Ben biraz o taraf biraz bu taraf, parklar bahçeler diye yürürken öğle vakti geliyor ve artık yemek yemek gerek! Ablam ve onun avukat arkadaşları ile birlikte sanayinin içinde salaş mı salaş bir kebapçıya gidiyoruz. Kaburgacı Yaşar Usta. Adanalılar pek seviyormuş burayı. Hakikaten de yine yemek enfesti. Salatası, kırmızı biber közlemesi, şiş kebap, açık ayran… Of of of olsa da yesek yine. Etler lokum kıvamında olduğu için yedikçe yiyesi geliyor insanın. İstanbul ya da farklı bir yerde yediğimiz Adana kebapla burada yediğim arasında dağlar kadar fark var. Havasından, suyundan, ustalığından bambaşka…
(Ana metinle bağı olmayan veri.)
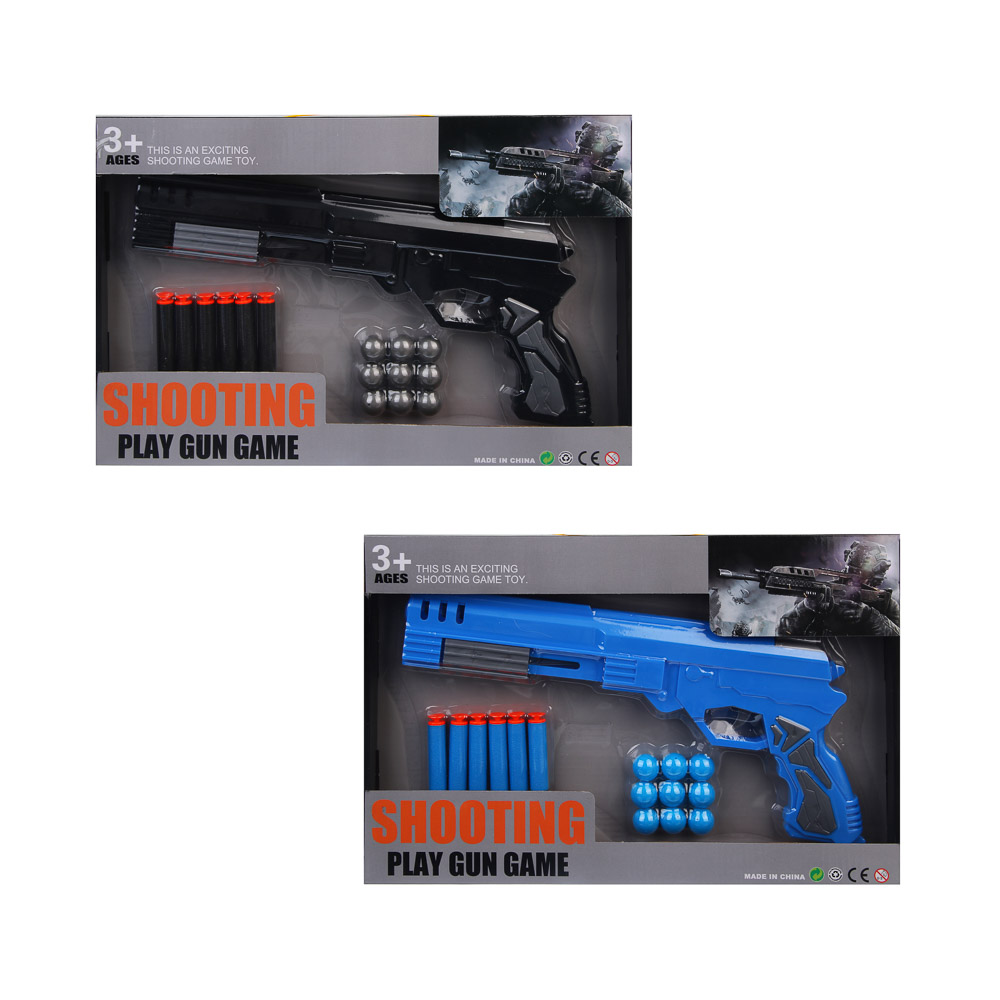 ИГРОЛЕНД Пистолет с шариками и пулями, АБС-пластик, ПП, ЭВА, 37х3,5х24 см, 2 диз, арт.№ 261-810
Tıka basa doyduktan sonra aslında belki de yapılacak en güzel şey uyumak ancak ben sokakları arşınlamaya devam ediyorum. Ta ki işle ilgili bir telefon gelene kadar. Hemen bir yere oturup hızlıca birkaç metin hazırlamam gerekiyor. Aklım yine Ziya Paşa Bulvarı’nda. North Shield’e oturup, bilgisayarımı açıp başlıyorum çalışmaya. Yanında bir Bomonti de iyi gider diyerek keyifle işlerimi hallediyorum. Zaman öyle hızlı akıp gidiyor ki İrem bunu muhakkak yap, Kazım Büfede muzlu süt iç dediler, şunu ye bunu ye ancak vakit yetmedi. Bir daha gider miyim bilinmez. Ama Adana güzel şehir.